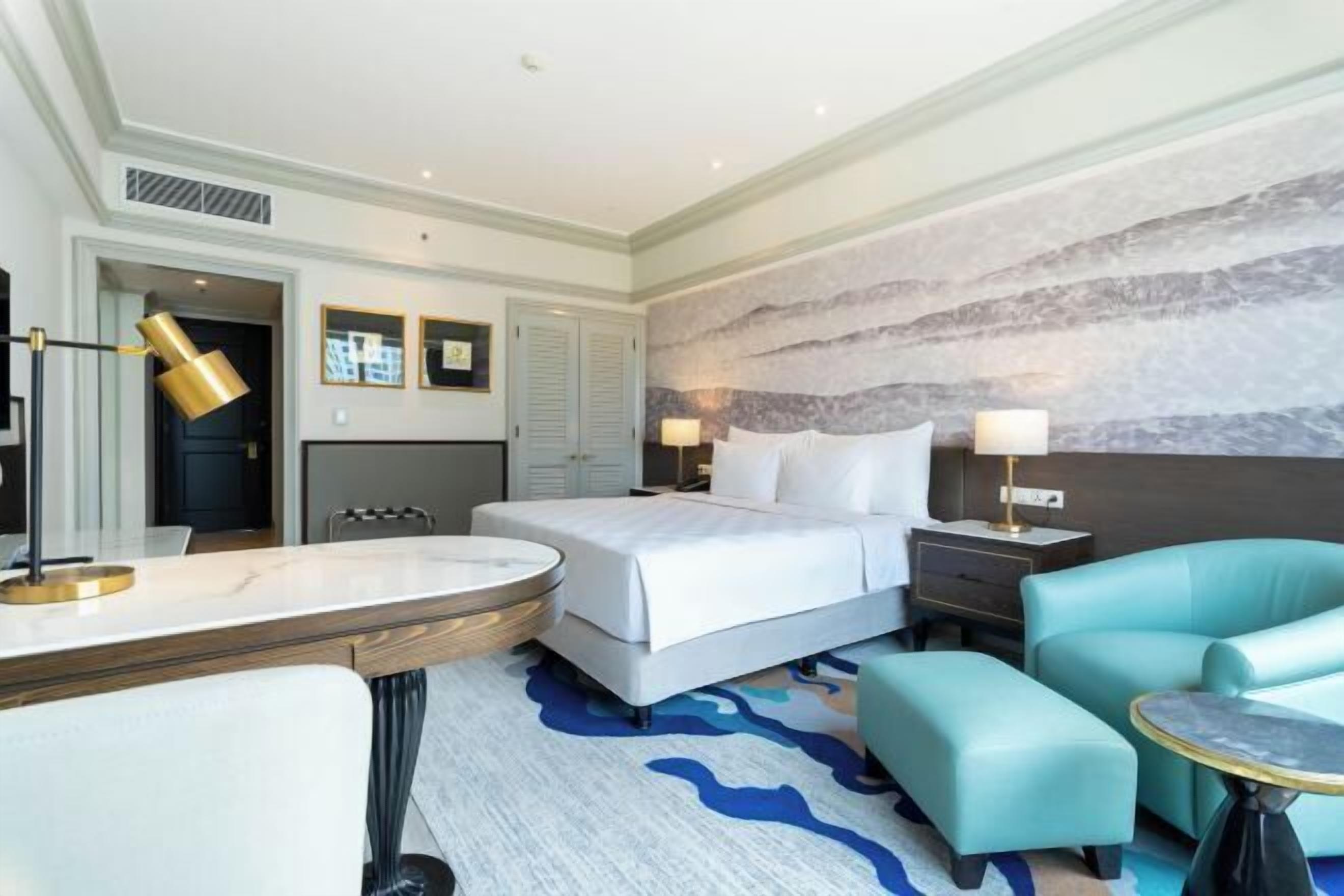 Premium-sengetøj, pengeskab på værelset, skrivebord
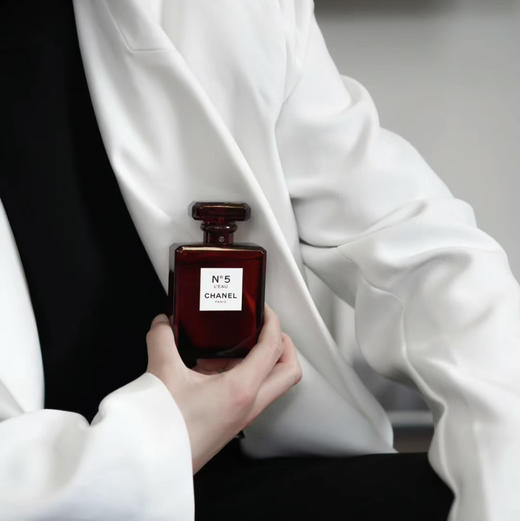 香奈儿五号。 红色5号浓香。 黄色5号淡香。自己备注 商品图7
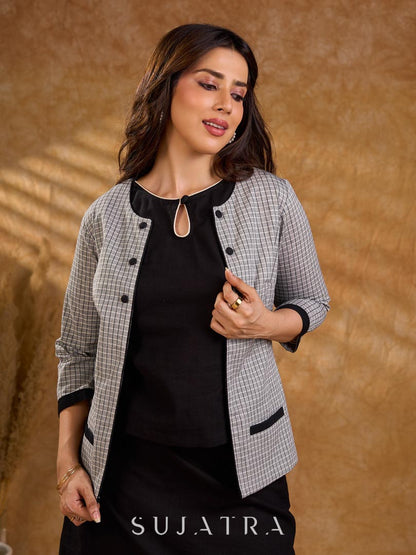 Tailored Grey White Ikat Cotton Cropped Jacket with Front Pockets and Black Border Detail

= = =

PROMPT: Set down the material above exactly as written, but not the pictures.

RESPONSE FOR THIS EXERCISE:
 Premium-sengetøj, pengeskab på værelset, skrivebord
 香奈儿五号。 红色5号浓香。 黄色5号淡香。自己备注 商品图7
 Tailored Grey White Ikat Cotton Cropped Jacket with Front Pockets and Black Border Detail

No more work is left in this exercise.